THE PROBLEM - Restate, word for word and with no pictures, the stretch of lines in the data below that begins at the line with "A11961669: Request More Information" and ends at the line with "河蟹冬天怎么过冬（河蟹过冬采取什么办法）", inclusive.

EXERCISE INPUT -
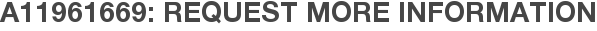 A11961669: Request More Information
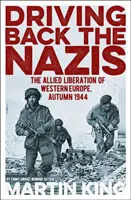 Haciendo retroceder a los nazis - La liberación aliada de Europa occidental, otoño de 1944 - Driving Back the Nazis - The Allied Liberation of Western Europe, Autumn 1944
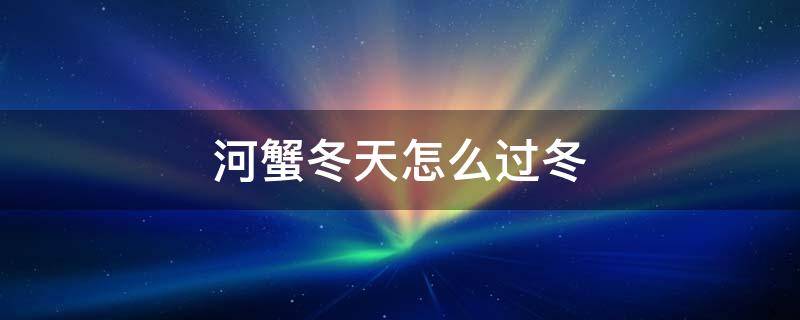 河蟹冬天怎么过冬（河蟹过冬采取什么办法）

* * *

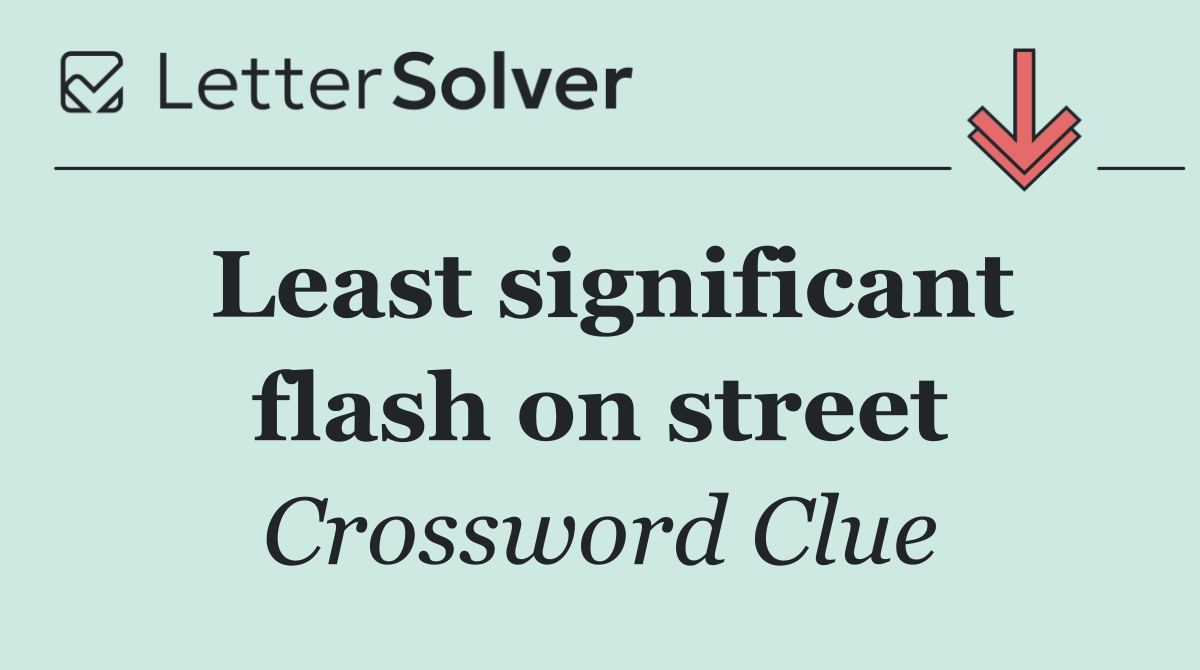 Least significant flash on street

...

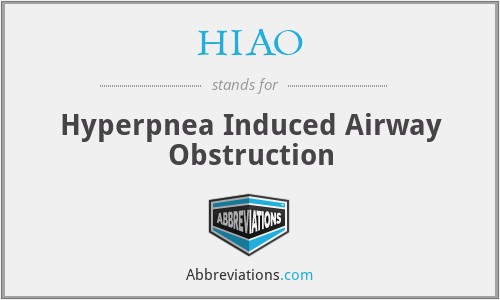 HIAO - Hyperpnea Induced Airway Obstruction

ANSWER TO THIS EXERCISE -
 A11961669: Request More Information
 Haciendo retroceder a los nazis - La liberación aliada de Europa occidental, otoño de 1944 - Driving Back the Nazis - The Allied Liberation of Western Europe, Autumn 1944
 河蟹冬天怎么过冬（河蟹过冬采取什么办法）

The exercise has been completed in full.